The horticulture industry is currently at a critical point where there are new entrants aspiring to join the established players, which makes it vital to co-ordinate the efforts of all stakeholders to consolidate the fortunes of the sector, Dr Made explained.
"Besides the formulation of the National Agricultural Policy Framework I mentioned earlier, the Sadc region is in the process of harmonising agricultural policies across member states.
"This regional agricultural policy initiative should see the adoption and harmonisation of policies such as climate change, HIV and Aids, sanitary and phytosanitary issues," said Dr Made.
Dr Made also challenged the visiting managing director of the Common Funds for Commodities Ambassador Ali Mchumo to capitalise on the country's excellent climate and prevailing stable macro-economic environment to deploy more resources into the country, especially for the participation of smallholder farmers.
Ambassador Mchumo was among the participants at a one-day workshop running under the theme "Renaissance of the horticulture sector in Zimbabwe".

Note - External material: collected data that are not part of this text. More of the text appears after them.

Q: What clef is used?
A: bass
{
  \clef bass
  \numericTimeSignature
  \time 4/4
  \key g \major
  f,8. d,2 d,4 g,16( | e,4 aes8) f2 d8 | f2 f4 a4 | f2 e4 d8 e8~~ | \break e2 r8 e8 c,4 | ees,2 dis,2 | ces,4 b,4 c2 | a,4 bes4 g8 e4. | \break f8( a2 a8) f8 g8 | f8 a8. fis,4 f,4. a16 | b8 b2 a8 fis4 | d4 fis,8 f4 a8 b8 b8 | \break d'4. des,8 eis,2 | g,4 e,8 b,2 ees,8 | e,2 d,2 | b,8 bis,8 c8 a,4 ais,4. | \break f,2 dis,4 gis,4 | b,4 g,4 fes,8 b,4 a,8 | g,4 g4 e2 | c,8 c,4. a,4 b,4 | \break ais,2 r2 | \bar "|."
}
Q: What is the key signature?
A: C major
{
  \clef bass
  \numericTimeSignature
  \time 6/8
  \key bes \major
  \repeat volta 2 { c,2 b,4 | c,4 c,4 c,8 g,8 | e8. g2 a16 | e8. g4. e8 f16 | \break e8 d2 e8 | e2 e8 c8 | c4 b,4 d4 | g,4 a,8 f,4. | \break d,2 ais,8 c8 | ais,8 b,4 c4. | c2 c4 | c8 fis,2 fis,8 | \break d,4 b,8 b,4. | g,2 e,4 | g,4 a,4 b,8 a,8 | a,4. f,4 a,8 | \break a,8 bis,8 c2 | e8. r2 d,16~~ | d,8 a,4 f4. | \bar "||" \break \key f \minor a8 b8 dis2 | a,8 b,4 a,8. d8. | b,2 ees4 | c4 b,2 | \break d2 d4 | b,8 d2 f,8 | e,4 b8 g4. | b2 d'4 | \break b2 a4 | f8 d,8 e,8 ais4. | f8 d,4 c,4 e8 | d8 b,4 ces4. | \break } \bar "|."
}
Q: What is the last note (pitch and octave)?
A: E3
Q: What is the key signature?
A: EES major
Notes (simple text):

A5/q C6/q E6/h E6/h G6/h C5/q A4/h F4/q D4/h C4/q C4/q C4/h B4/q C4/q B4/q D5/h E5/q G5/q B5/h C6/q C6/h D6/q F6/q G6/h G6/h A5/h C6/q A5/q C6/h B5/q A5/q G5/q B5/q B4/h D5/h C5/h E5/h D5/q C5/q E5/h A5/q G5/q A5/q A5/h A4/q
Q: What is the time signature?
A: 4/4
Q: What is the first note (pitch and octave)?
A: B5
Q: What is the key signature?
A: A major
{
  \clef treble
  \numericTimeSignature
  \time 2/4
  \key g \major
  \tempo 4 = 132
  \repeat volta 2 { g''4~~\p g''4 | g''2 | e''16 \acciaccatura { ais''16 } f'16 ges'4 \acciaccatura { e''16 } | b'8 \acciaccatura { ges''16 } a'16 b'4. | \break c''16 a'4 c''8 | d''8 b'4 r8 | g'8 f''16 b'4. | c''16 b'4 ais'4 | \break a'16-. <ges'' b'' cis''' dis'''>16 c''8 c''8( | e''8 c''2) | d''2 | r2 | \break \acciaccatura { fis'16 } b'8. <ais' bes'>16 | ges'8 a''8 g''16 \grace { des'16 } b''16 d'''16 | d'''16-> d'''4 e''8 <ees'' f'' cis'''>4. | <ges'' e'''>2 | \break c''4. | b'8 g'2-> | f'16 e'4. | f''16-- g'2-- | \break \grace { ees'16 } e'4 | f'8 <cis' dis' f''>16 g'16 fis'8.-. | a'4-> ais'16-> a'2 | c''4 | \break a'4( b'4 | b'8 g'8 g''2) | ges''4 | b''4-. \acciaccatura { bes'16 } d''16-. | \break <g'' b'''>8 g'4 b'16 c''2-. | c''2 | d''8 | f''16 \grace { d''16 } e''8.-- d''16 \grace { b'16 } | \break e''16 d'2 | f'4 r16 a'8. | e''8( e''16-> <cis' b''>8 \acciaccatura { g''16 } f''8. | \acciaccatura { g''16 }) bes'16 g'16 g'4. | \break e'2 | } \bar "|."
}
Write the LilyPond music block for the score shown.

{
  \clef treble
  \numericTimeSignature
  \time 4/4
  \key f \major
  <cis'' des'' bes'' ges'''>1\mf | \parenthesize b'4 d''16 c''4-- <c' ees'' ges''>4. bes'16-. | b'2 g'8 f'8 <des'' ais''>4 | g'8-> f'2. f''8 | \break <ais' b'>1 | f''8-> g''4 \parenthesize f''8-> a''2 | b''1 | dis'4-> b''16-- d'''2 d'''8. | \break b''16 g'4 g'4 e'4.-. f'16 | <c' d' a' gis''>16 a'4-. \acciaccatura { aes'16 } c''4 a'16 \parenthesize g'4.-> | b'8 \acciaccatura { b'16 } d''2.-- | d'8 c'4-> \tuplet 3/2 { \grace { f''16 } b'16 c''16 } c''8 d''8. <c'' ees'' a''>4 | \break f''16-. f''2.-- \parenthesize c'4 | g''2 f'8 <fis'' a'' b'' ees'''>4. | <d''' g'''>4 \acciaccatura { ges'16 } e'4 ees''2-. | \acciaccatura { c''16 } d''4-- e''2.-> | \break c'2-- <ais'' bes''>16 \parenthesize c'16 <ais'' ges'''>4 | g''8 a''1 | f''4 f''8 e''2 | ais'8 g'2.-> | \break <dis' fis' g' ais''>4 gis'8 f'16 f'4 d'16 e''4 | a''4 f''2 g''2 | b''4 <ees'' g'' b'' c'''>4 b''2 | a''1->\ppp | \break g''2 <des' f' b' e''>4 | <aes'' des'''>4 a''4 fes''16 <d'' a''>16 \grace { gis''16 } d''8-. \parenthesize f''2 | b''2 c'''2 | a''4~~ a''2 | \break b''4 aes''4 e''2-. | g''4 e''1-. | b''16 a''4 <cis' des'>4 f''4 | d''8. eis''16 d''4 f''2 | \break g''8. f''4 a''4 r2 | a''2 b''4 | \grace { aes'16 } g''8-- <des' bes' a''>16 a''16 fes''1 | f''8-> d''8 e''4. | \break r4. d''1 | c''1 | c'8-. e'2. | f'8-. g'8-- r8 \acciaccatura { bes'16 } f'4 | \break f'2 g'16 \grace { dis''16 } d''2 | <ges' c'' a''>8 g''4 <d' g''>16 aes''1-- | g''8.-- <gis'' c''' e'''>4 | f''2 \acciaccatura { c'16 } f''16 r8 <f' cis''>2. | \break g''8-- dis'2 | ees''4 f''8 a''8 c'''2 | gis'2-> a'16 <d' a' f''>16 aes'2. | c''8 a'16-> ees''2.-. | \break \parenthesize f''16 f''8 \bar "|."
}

The workshop was jointly organised by CFC, the Horticulture Promotion Council and the Infrastructure Development Bank of Zimbabwe to appraise stakeholders on the current state of the industry.
Dr Made also challenged the IDBZ to keep credit lines open and promote the participation of more farmers in the export markets.
Success in the horticulture sector was also possible through strengthening public and private partnerships, promoting joint ventures between local farmers and external investors, promoting producer groups and establishing co-operative pack houses among other things.